Estamos en el pórtico de la Semana Santa, el Domingo de Ramos, el domingo de la entrada de Jesús en Jerusalén. El pueblo aclama al Señor como el Mesías esperado, como el Salvador: “Bendito el que viene en nombre del Señor”, es la expresión que sale de sus bocas. Sin embargo este mismo pueblo va a pedir su muerte a los pocos días de estos acontecimientos. Es la paradoja de Jesús, es la paradoja de toda su vida y de todo su existir.
En la semana que comenzamos los acontecimientos de la vida de Jesús se van a precipitar sin remedio. Su manera de hablar, su manera de tratar a los pecadores, su manera de relacionarse con Dios, el hacerse pasar por el Mesías esperado, y sobre todo por atreverse a llamarse Hijo de Dios, todas estas cosas juntas era demasiado, molestaba mucho, y por lo tanto había hacer algo. Jesús va a morir en cruz por la vida que llevó y por la misión que cumplió. Si desde un punto de vista teológico Jesús murió por nuestros pecados y por la salvación de todos, desde un punto de vista histórico Jesús murió por la vida que llevó, no fue casualidad que la vida de Jesús fuera como fue, ni tampoco fue casualidad que esa vida le llevara a la muerte que tuvo. La muerte de Jesús no fue una confusión de los que querían matarlo, fue más bien una consecuencia lógica de todo su hacer y obrar. No hay que separar el por qué muere Jesús, del por qué le matan. Jesús muere efectivamente para salvarnos, y para alcanzarnos el perdón delante del Padre, pero a Jesús lo matan como consecuencia de sus dichos y de sus hechos, como hemos tenido ocasión de comprobar en las lecturas de los domingos de Cuaresma y las cuales hemos meditado convenientemente.

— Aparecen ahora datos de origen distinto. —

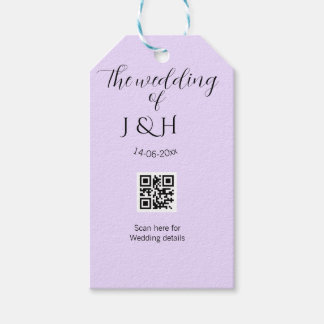 The wedding of add couple name QR code scan detail Gift Tags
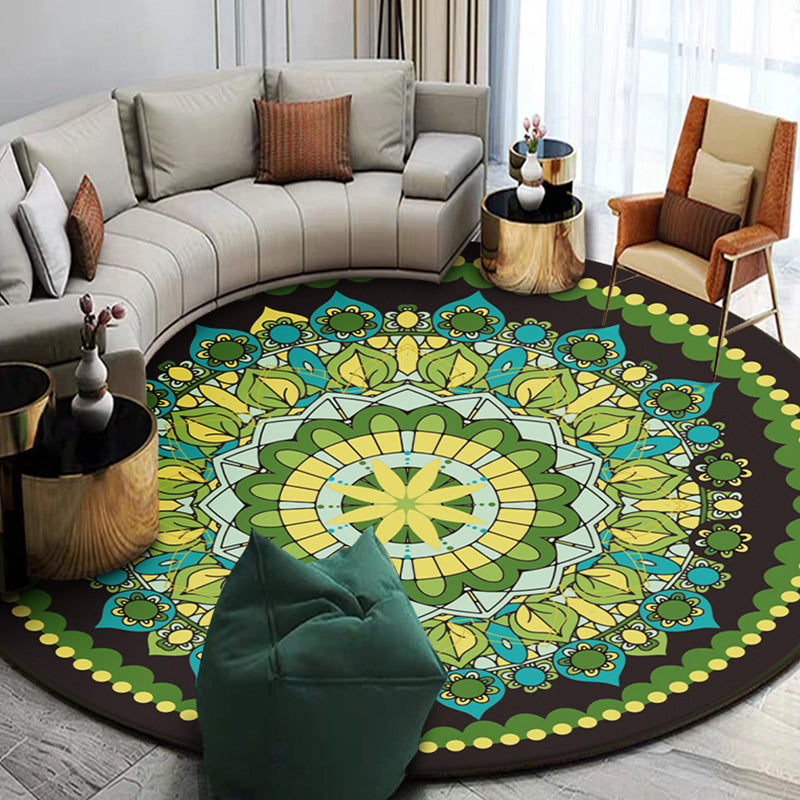 Veelkleurig luxe ronde tapijt Perzisch traditionele bloemenprint tapijt polyester vriendelijk wasbaar tapijt voor woningdecoratie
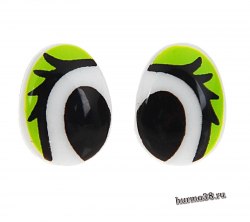 Глазки для игрушек на безопасном креплении цвет зеленый 2 шт. 1,3*1 см арт. 1553412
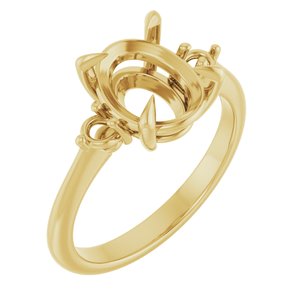 14K Yellow Gold  10x8 mm Oval Engagement Ring Mounting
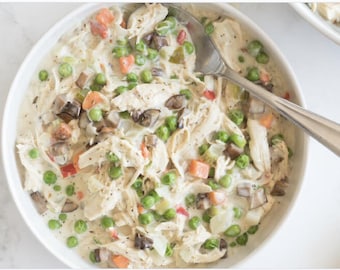 Low Carb Crustless Chicken Pot Pie Skillet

En Jesucristo, el Hijo amado de Dios, se cumplen las promesas hechas por Dios a la humanidad. Jesús no se limita a hablarnos del amor de Dios, lo cual hizo muchas veces a lo largo de su vida pública: sino que Él es el amor de Dios. La Pasión de Jesús es momento clave de su encarnación como Hijo de Dios. Cristo, solidario con la humanidad sufriente, con toda persona humana sedienta de salvación, de sentido y de felicidad plena, se humilla, hasta someterse a la muerte, y una muerte de cruz. Pero Dios lo resucitó, lo levantó sobre todo. El amor de Dios es más fuerte que el mal, el pecado y la muerte. En Cristo el amor de Dios se ha hecho carne. Dios, en la pasión de su hijo nos da la prueba más grande de su amor por todos los hombres. La cruz, aunque nos cueste creerlo, es sencilla y llanamente el amor de Dios a todos. La vivencia y el compromiso que implica la celebración del Misterio Pascual de Jesús nos llaman a ser testigos gozosos, auténticos y creíbles de Jesús, un Jesús crucificado y un Jesús resucitado.
La misericordia de Dios se va a desbordar estos días. La realidad de un Dios cercano, hasta en el sufrimiento, vamos a tener ocasión de vivirlo en el triduo pascual. El intentar interiorizar y vivir lo que El nos quiere decir con eso, será nuestro reto en los días de la Semana Santa.
Desde un punto de vista personal, nos disponemos a vivir de nuevo una Semana Santa más. Las celebraciones nos van a ofrecer muchos puntos y oportunidades de reflexión: lecturas, Hora santas, Via-crucis, procesiones, adoración al monumento, vigilias…, ante los cuales no hay que permanecer indiferentes. Peligros hay muchos, y los conocemos todos perfectamente, la rutina de todos los años, el convertirnos en meros espectadores ¡qué fácil es en este tiempo caer en esta tentación! quedarse solo en mirar, reducir la Semana Santa a un tiempo de vacaciones, quedarnos en la plasticidad del espectáculo, la indiferencia. Hay que vivir estos días teniendo claro que nuestro horizonte no es el Viernes Santo, sino que nuestra meta es llegar a la noche del Sábado Santo, ya que la resurrección de Jesús da un nuevo sentido a todo lo que yo puedo haber vivido hasta ahora.
Con esta esperanza y con esta disposición nos disponemos a vivir estos días, lo hacemos redoblando nuestras peticiones, pedimos los unos por los otros, por lo que menos tienen, por los que están solos, los enfermos, los que no tienen a nadie que les quiera.
D. Antonio Pariente, párroco de la Parroquia de San Blas de Cáceres.